A majority of my congregants felt that Torah, and the God described within, was crabby, mean, demanding, xenophobic, violent, patriarchal, and therefore antithetical of anything resembling love. At the same time, they challenged the idea that love is all there is. It just didn’t feel Jewish to them. When they heard “God is Love” they imagined that born-again guy on the beach, at the airport, outside the concert, or on the subway who was trying to spread “The Good News” and offering them a kind of salvation that they could not accept. I used some of the same language, but I was spreading a different message. God, in my experience, is feral. And it is love. These concepts are inextricably linked in Jewish theology. The Torah’s unflinching exploration of raw and challenging experiences was precisely what allowed me to trust, accept, and have faith in this tradition. My experience dictates that nastiness is inevitable, and I wouldn’t give a plug nickel for a spiritual text that didn’t include it.
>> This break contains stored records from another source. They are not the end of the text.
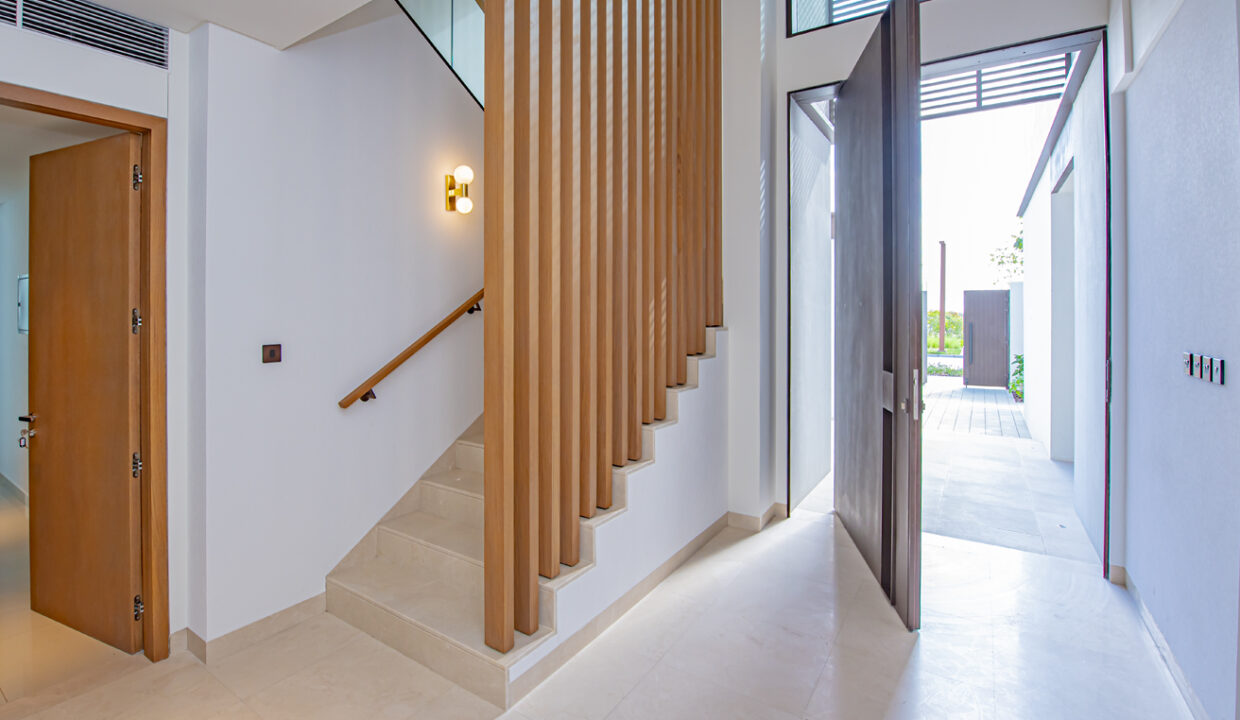 5BR Villa - Photo 03
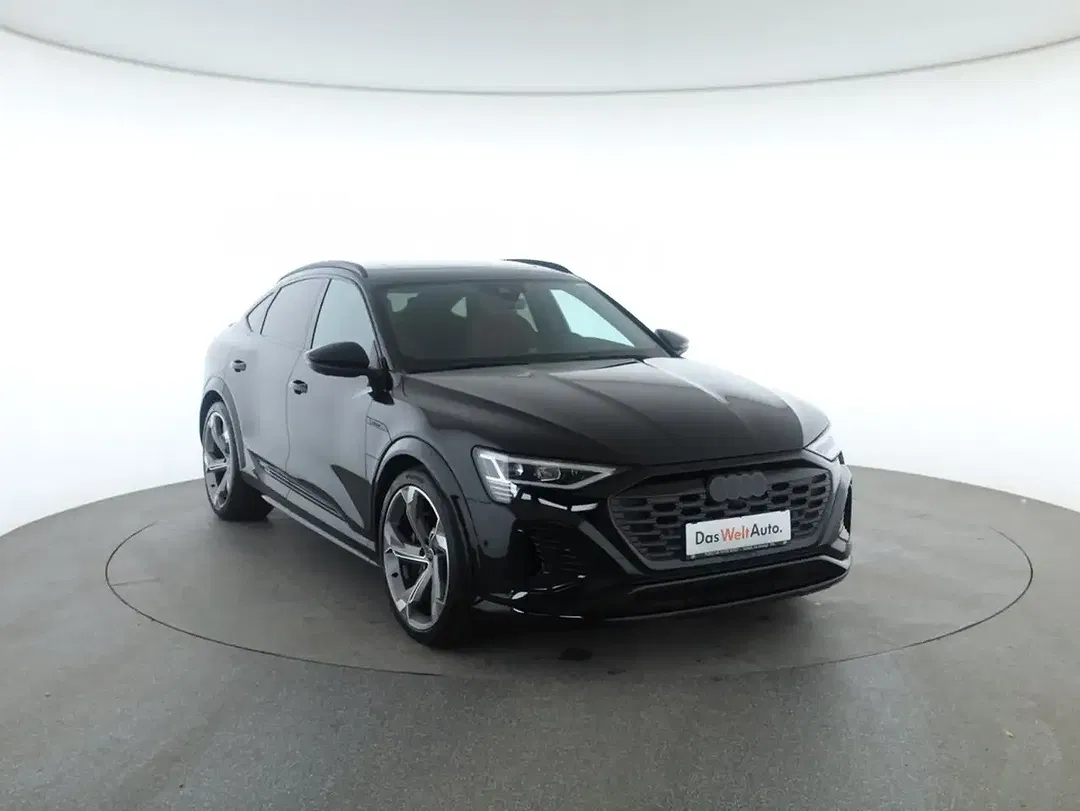 Audi SQ8 - Thumbnail 3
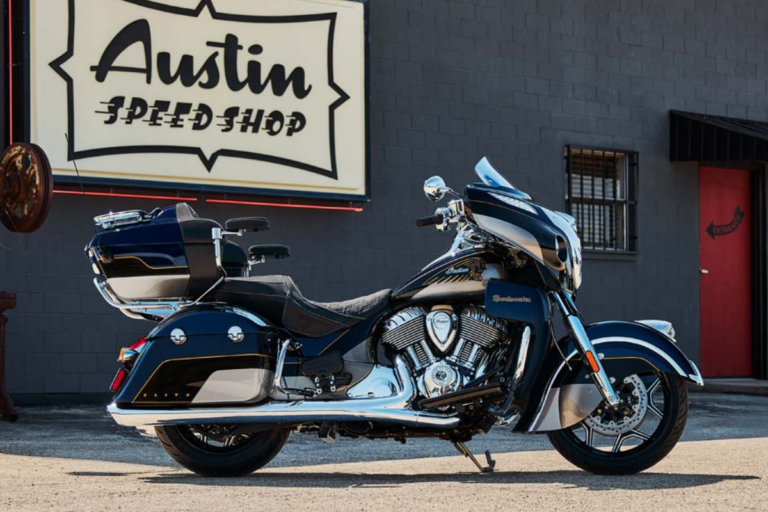Indian frappe fort avec sa Roadmaster Elite 2025, une moto pas comme les autres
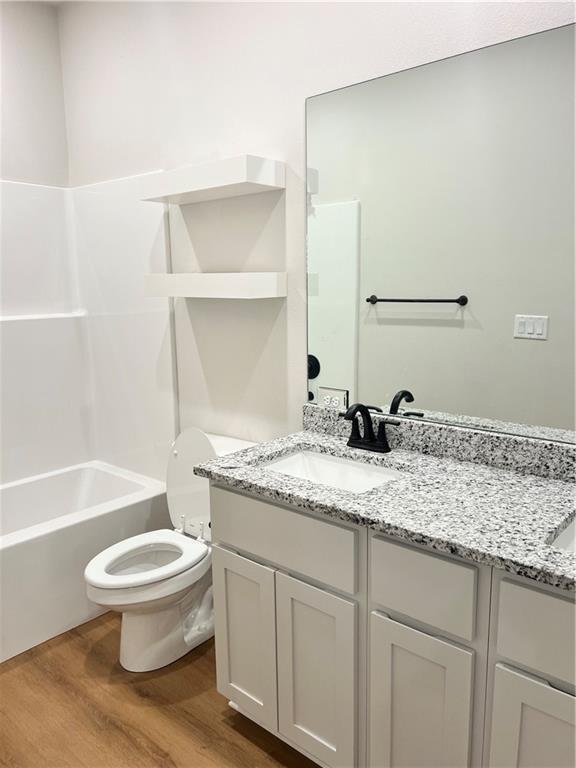 Building Photo - 631 Cosmos St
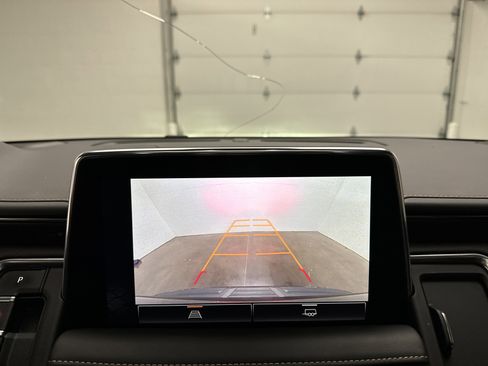 Used 2023 GMC Yukon XL AT4 image 37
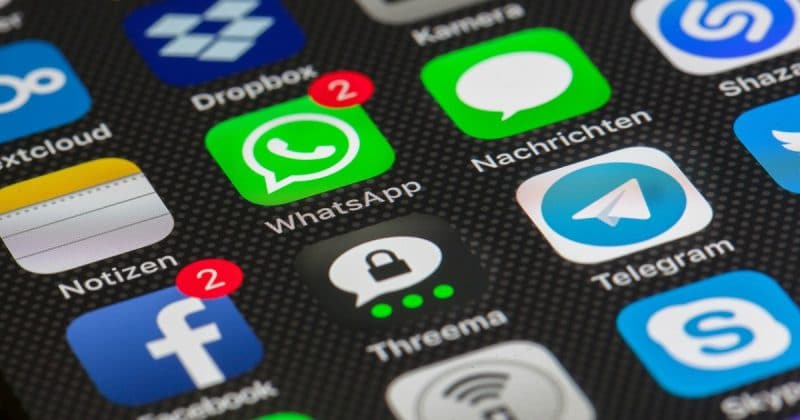 Популярное: Дилеры продают наркотики в "секретной" группе WhatsApp, в которую приглашают на Facebook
Nor would I have accepted a scripture that was without tenderness, compassion, and warmth. I finally knew, and could let in, the love that shot through my life and made the pain more bearable if still excruciating. The wisdom was right there in the verse: love is to be offered AND received, external AND internal, of the body AND of the spirit. That is the flow through which we can withstand the truth of death and let ourselves grieve. And it all starts with the hardest hill to climb, leaning into loving ourselves. Because when we love ourselves, we have what we need to defiantly thrive our way from suffering to liberation. When we are loved, and let ourselves be loved, we have the key to healing. When we meet ourselves and others with love, we can be full again, because love is the pitch that patches the jug. Through love we grow and with love we give. Finding the fullest expression of ourselves and releasing the spark of the Divine that is ours alone to shine into the world—that is love. Though giving and receiving love, we become Torah—full of rough, harsh stories, regretful actions, blood, sweat, and so many tears—Torah that finds patience, compassion, and wisdom in every mess. 

Pirke Avot 6:6 teaches that learning Torah is greater than being a priest or a king. And notably, the 48-fold path for acquiring Torah includes Love.
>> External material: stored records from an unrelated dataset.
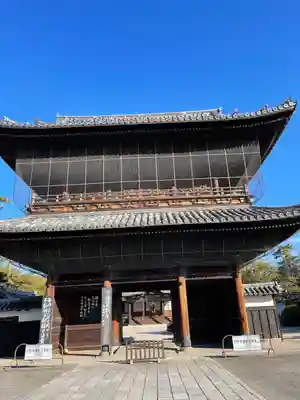建中寺の山門・神門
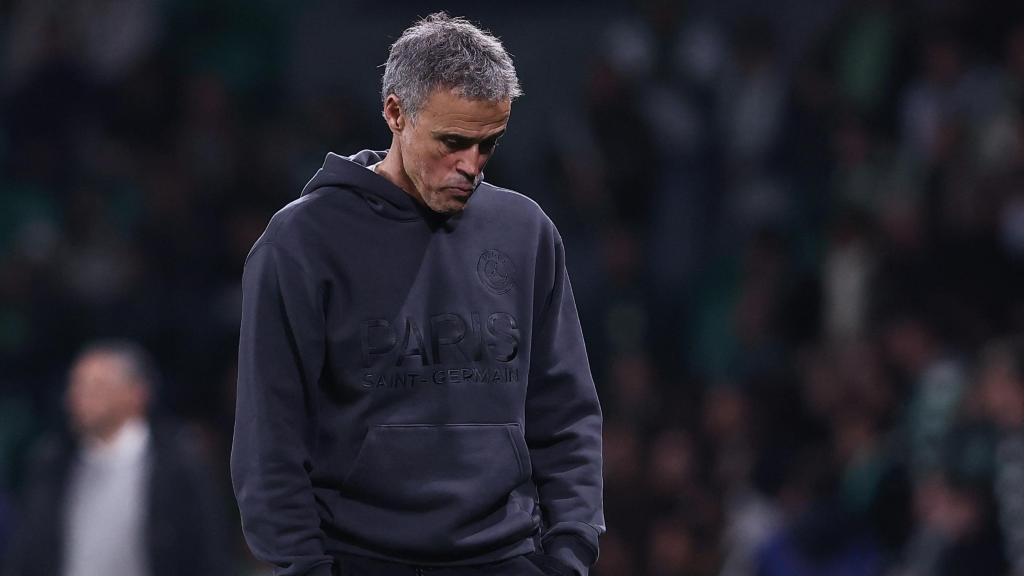 Luis Enrique, serious during the match against Sporting CP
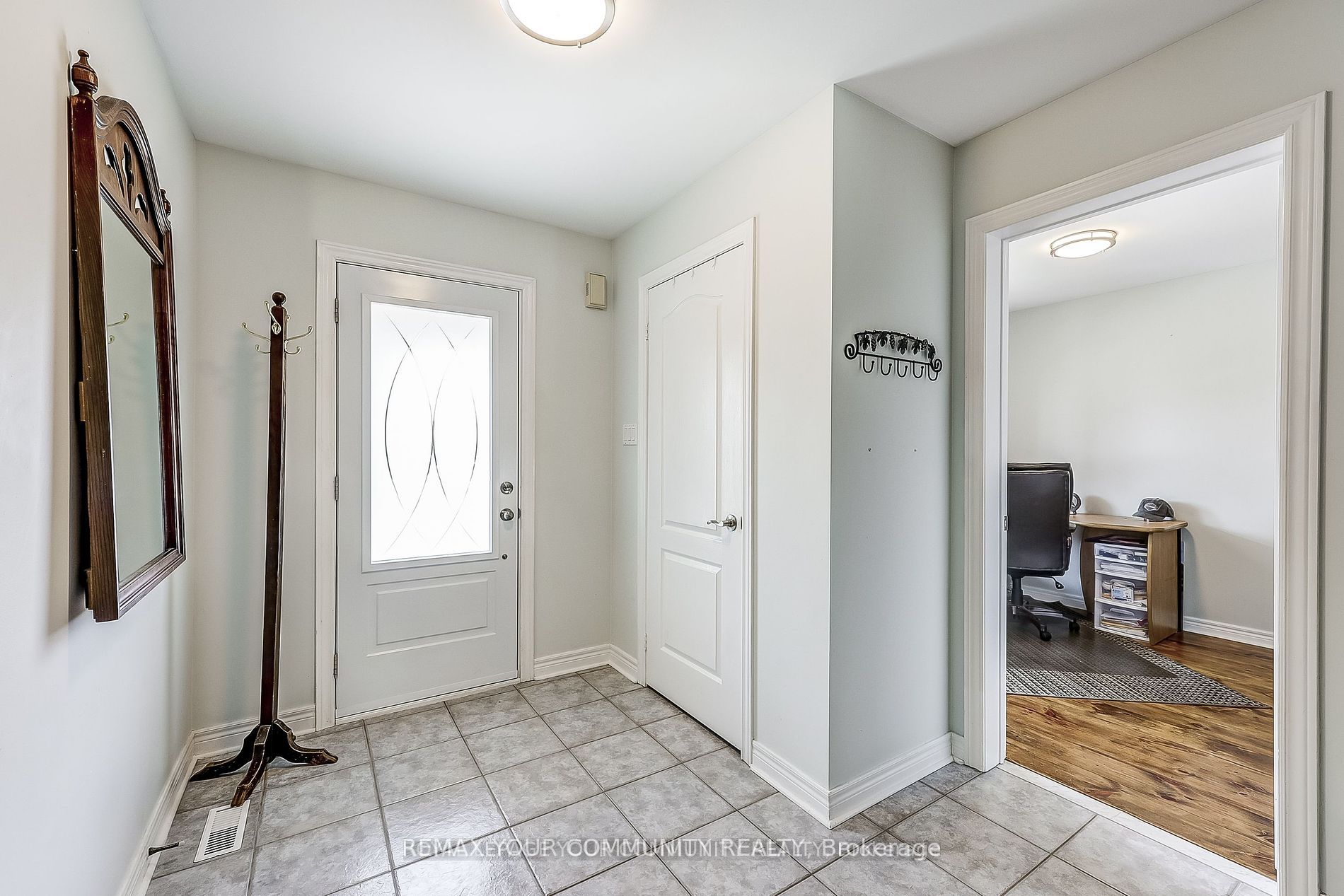 53 Bolton Drive Property Photo 4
אָהוּב, אוֹהֵב אֶת הַמָּקוֹם, אוֹהֵב אֶת הַבְּרִיּוֹת, אוֹהֵב אֶת הַצְּדָקוֹת, אוֹהֵב אֶת הַמֵּישָׁרִים, אוֹהֵב אֶת הַתּוֹכָחוֹת

[To acquire Torah one must] …be beloved, and be one who loves their place;, be loving towards all creatures and be one who loves justice; be a lover of those who are direct, and a lover of those who reprove…

The rabbis understood that Torah is a Divine love letter to the God Wrestlers. Through its lens God sees us, adores us, pushes us, and on more than one occasion, recriminates us. God is love, and also our Pilates coach; our dietician and drill sergeant; our loving parent and a scary, baton-wielding cop. God begs for forgiveness. God holds Its tongue. God pillow talks with us, offers us Their feet, arm, back, and wings for comfort and protection. We are privy to His innerworkings, anxiety, and dreams for us. She doesn’t sugarcoat her disappointment: we are called out on the carpet, where we are told to take responsibility for our actions. God is in all of it–the sweetness and the grind, the tenderness and the chastisement. I dare say that if we didn’t understand or accept this spectrum Judaism would have never persisted. The Divine love letter would have been torn, burnt, or shoved in a drawer and sold with the desk. But there is something so deeply tender that undergirds even the rebukes and directives. She is constantly, lovingly, insistently, nudging us to be the best versions of our earthly selves that we can be during the short time we are here. And as we stumble-bumble our way through the grit, grief, and gravel, She whispers and wails in hope that we will find our way; to walk with dignity, courage, good humor, integrity, and, most of all, Love.